で「現実をみなさい!」という意味になるそうです。

”chasing rainbowsでも諦めない”小説風ストーリー

夜風が冷たい。

今何時頃なんだろう
と思いながら
ゴミ捨て場に捨てられた
大量の残飯を眺めながら思う。

ここに捨てられた料理の量は
軽く見積もって
3日間ぐらいの食事の量に相当するのでは
なかろうか。
いや
美優の食事量だったら
1週間ぐらいもつかもしれない。

そんなことを
考えてしまうくらい
自分が空腹なことに
気付いてしまった。

思えば今日の朝
お味噌汁を飲んだきり
何も食べていない。

こんな風に
空腹と闘っている時は
長年勤めていた会社を辞めて得た自由と
資金繰りの不安を
天秤にかけてしまいそうになる瞬間が
あるけれど
なんとか思いとどまる。

ここで諦めてしまったら
一生後悔するのは
分かっているのだ。

分かっているけれど
前に進めない。

プロの通訳者として
フリーで活躍するために
長年勤めていた会社を
今年の春頃に辞めた。

会社員時代にも
休みの日には
ボランティアガイドや
単発の通訳のアルバイトはしていて
少し実績があったため
きっとどこかで
実力を過信していたのだ。

会社を辞めて
それが痛いほどわかった。

決まった日に
当たり前のように振り込まれるお給料だとか
ちんぷんかんぷんでも
スルーして生きてこれた税金のことなど
挙げればきりがない。

美優は滅多に落ちまない。
メンタルは強い方だと思うし
周りからも
楽天家だと言われる方だ。

柄にもなくこんなに落ち込んでいるのは
通訳学校で実施された
小テストの結果が思わしくなかったことに加えて
授業中に習った
”chasing rainbows"
というイディオムが
頭から離れないからだ。

「rainbowsという単語が使われているので
ポジティブな意味にきこえますが
そうではありません。
意味は
非現実的な夢や目標を追いかける
という意味です。
今回の小テストの結果が思わしくない方は
肝に銘じて
この言葉の意味を
しっかり覚えておくようにしてください。
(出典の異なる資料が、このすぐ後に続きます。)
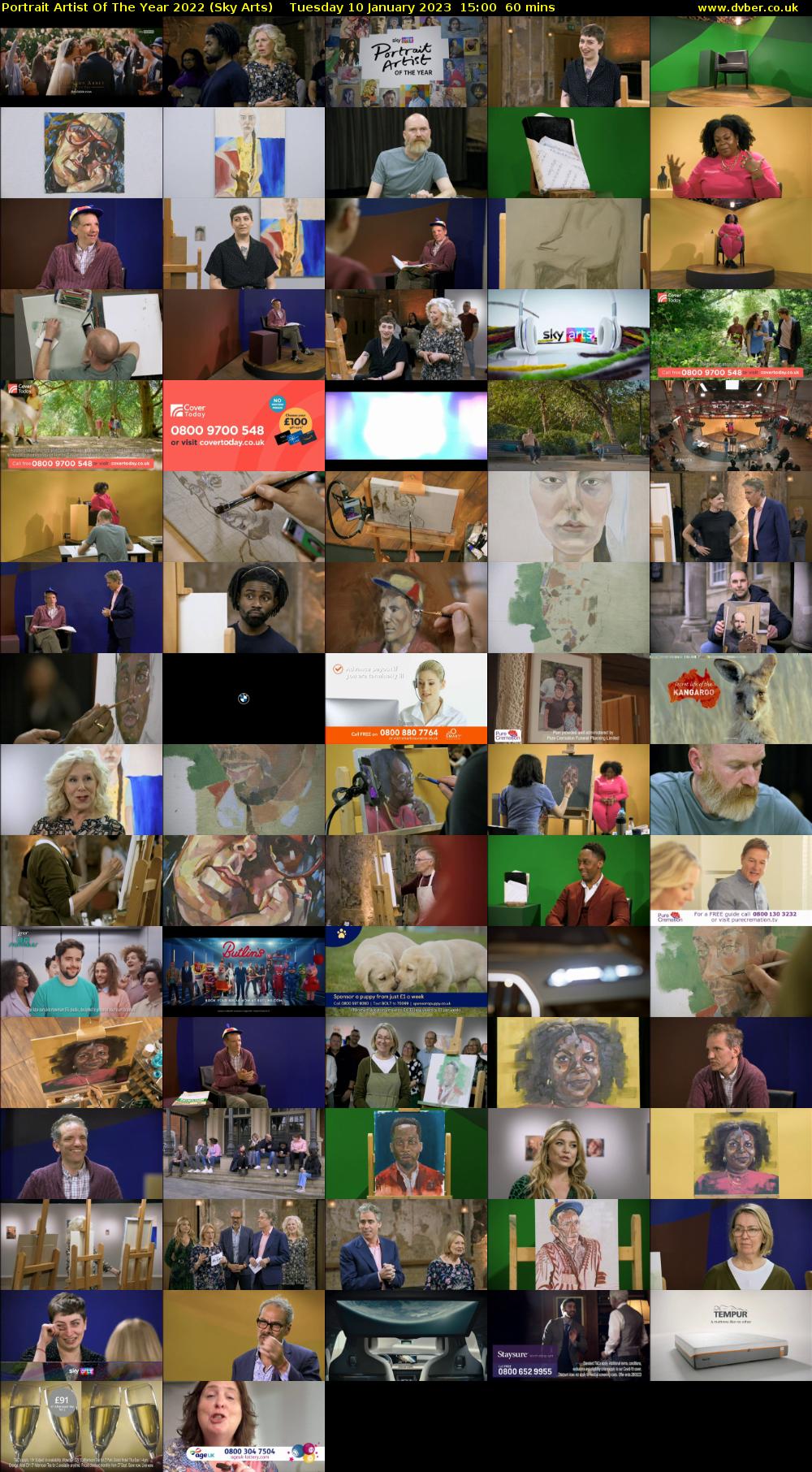 Portrait Artist Of The Year 2022 (Sky Arts) Tuesday 10 January 2023 15:00 - 16:00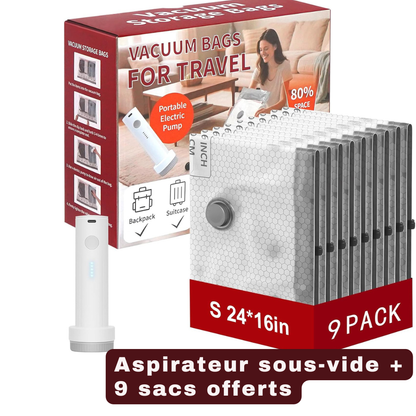 Aspirateur sous-vide portable + 9 Sacs de rangement – Gagnez jusqu’à 80% d’espace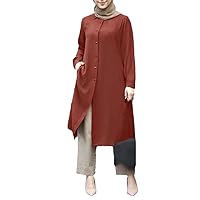 Women Full Sleeved Muslim Blouse, Islamic Buttons Down Solid Long Blouse Tops, Kaftan Casual Solid Robe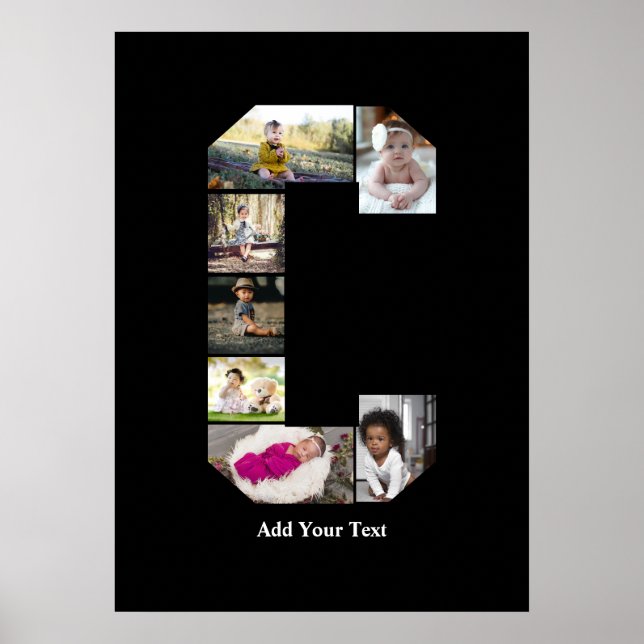 Poster Colagem de Fotografias com design Carta C (Frente)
」

講師のいい方に
棘があるように響いた。
もちろん
その講師に
悪意があったわけではないことはわかっている。

むしろ
小テストの結果が思わしくないからこそ
気を引き締めて勉強しなければならない
というメッセージなのだと
分かってはいた。

そんなことをぐるぐる考えていると
アルバイト仲間の
三好さんがゴミ捨て場にやってきた。

三好さんは
物静かで
いつもとても冷静にみえる。
年齢不詳で
普段何をしている人なのかも不明で
謎に包まれている。

ゴミを捨てて
即座に立ち去るかと思ったら
三好さんは
煙草に火をつけて
一服し始めた。

リラックスしている三好さんの横顔を見て
美優は思わず
自分の抱えている不安と
”chasing rainbows"
について
ポツリポツリと話し始めた。

話終わっても
三好さんが何も反応をしめさないので
「変な子だと思われたかも。」
と思ってゴミ捨て場を離れようとしたら
ひっそりと
それでもはっきりした声で
「例え誰れかに
自分の一生懸命していることを
"chasing rainbows"だと言われても
最後までやり遂げようって思って決めたことなら
いいんじゃないでしょうか。
チャレンジもせずに諦めて
後悔する方が自分にとっては嫌です。」

そう言われて美優の心が
一気に軽くなった気がした。

「ありがとうございます。」
と笑顔で言うことができた。

ゴミ捨て場の扉を開けて
美優は思った。

アルバイトが終わったら
早く家に帰って
お風呂に入って
一生懸命勉強して
頑張ろう。
そう思えた。

-終-

*このお話はフィクションです。登場人物の名前は実在の人物と一切関係がありません。